** Exercise details **
Copy out all of the lines below exactly; the pictures do not belong in the copy.

** Recorded information **
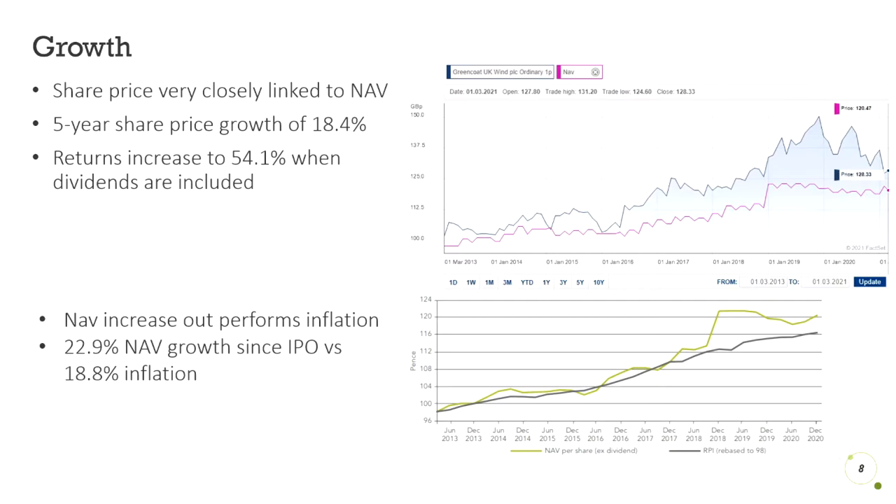So how has the company grown over the past five years? Its share price has grown 18.4%, which is closely linked to the net asset value per share. Shareholders' total return was 54.1% when dividends were included in the share price growth. The company continues to invest as it outperforms inflation. As you can see by the second graph, the net asset value continued to increase with inflation — and this doesn't include the dividends. So at worst, you were just increasing with inflation, but as you can see by the green line, it's increasing higher than inflation, and when you add on the dividends, that's what got you the 54.1% return over the past five years, which is obviously over 10% per year.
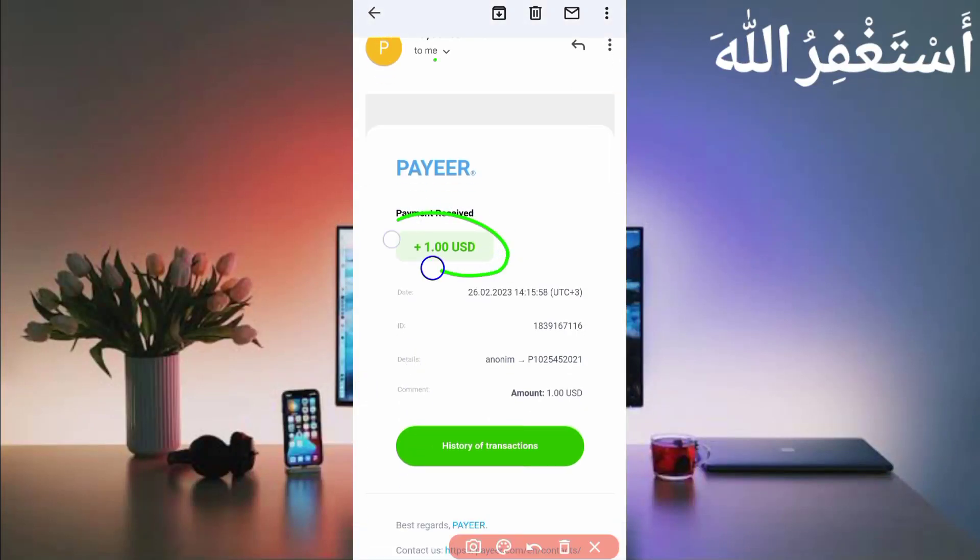Here you can see I have received 1 USD to date. This website is 100% legit.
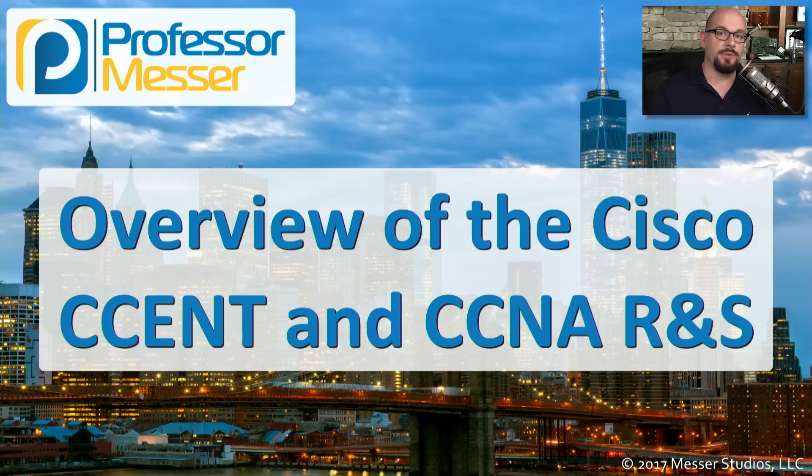I'm James Messer from ProfessorMesser.com. In this video, I wanted to give you an overview of Cisco's CCENT and their CCNA Routing and Switching certifications. These are arguably some of the most popular networking certifications in the industry. I want to give you an overview of what you can do to earn these certifications, and maybe some strategies that might help you along the way.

** Answer to the problem **
So how has the company grown over the past five years? Its share price has grown 18.4%, which is closely linked to the net asset value per share. Shareholders' total return was 54.1% when dividends were included in the share price growth. The company continues to invest as it outperforms inflation. As you can see by the second graph, the net asset value continued to increase with inflation — and this doesn't include the dividends. So at worst, you were just increasing with inflation, but as you can see by the green line, it's increasing higher than inflation, and when you add on the dividends, that's what got you the 54.1% return over the past five years, which is obviously over 10% per year.
Here you can see I have received 1 USD to date. This website is 100% legit.
I'm James Messer from ProfessorMesser.com. In this video, I wanted to give you an overview of Cisco's CCENT and their CCNA Routing and Switching certifications. These are arguably some of the most popular networking certifications in the industry. I want to give you an overview of what you can do to earn these certifications, and maybe some strategies that might help you along the way.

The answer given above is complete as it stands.